OPTIM: freq-ctr: don't take the date lock for most updates

It's amazing that the value was still incremented under the date lock,
let's first use an atomic increment for the counter and move it out of
the date lock to reduce contention. These are just counters, we don't
need to take locks if we're not rotating, atomic ops are enough. This
patch does this, and leaves the lock for when the period is over. It's
important to note that some values might be added just before or just
after a rotation but this is not a problem since we don't care if a
value is counted in the previous or next period when it's exactly on
the edge.
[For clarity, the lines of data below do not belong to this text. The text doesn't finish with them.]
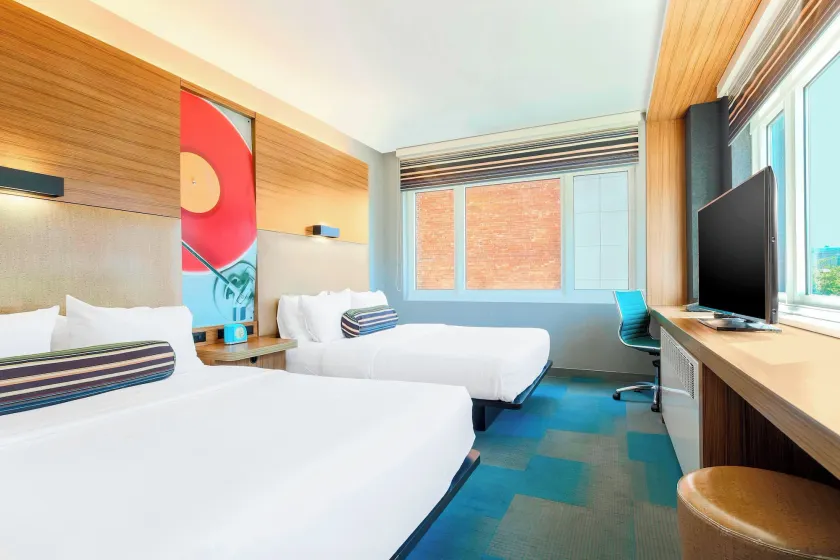 Aloft by Marriott Harlem - Image 1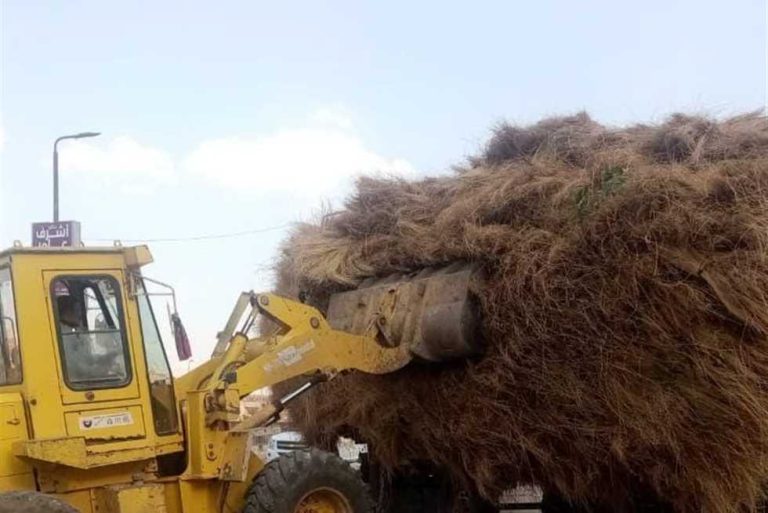 عودة الحياة إلى كوبري الرباط بالمحلة بعد حادث إنقلاب مقطورة جرار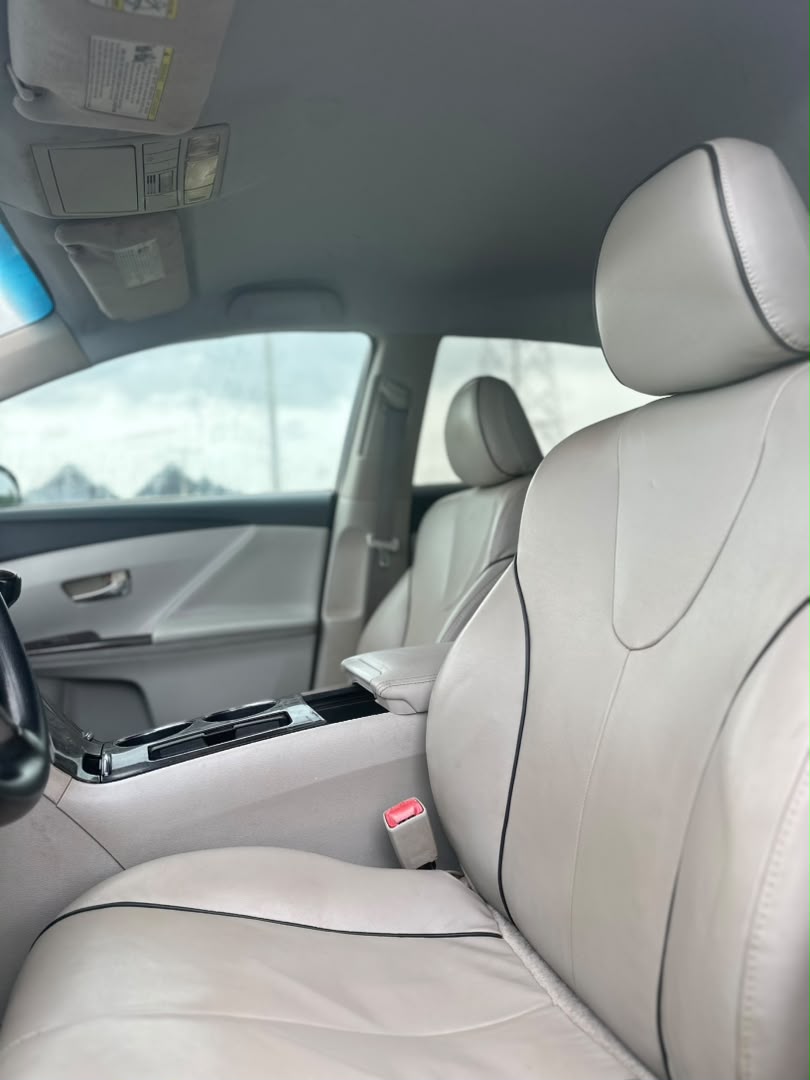 
								Giveaway Deal‼️‼️‼️ Carefully Used V6 2011/12 Toyota Venza (AWD) car is in pristine condition (Reverse Cam, Keyless, Power Boot, Android Screen & More) with duty going for just 9.5m Net with me Lugbe Abuja📍 ZERO CHAIN DEAL full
Great care was taken to ensure that the current counter is
always atomically updated.

Other minor cleanups were performed, such as avoiding to reload the
value from memory after a CAS, or using &~1 instead of two shifts to
remove the lowest bit.
diff --git a/include/proto/freq_ctr.h b/include/proto/freq_ctr.h
index 953e21b..da4f82f 100644
--- a/include/proto/freq_ctr.h
+++ b/include/proto/freq_ctr.h
@@ -35,20 +35,31 @@
 static inline unsigned int update_freq_ctr(struct freq_ctr *ctr, unsigned int inc)
 {
 	int elapsed;
-	unsigned int tot_inc;
 	unsigned int curr_sec;
 
+
+	/* we manipulate curr_ctr using atomic ops out of the lock, since
+	 * it's the most frequent access. However if we detect that a change
+	 * is needed, it's done under the date lock. We don't care whether
+	 * the value we're adding is considered as part of the current or
+	 * new period if another thread starts to rotate the period while
+	 * we operate, since timing variations would have resulted in the
+	 * same uncertainty as well.
+	 */
+	curr_sec = ctr->curr_sec;
+	if (curr_sec == (now.tv_sec & 0x7fffffff))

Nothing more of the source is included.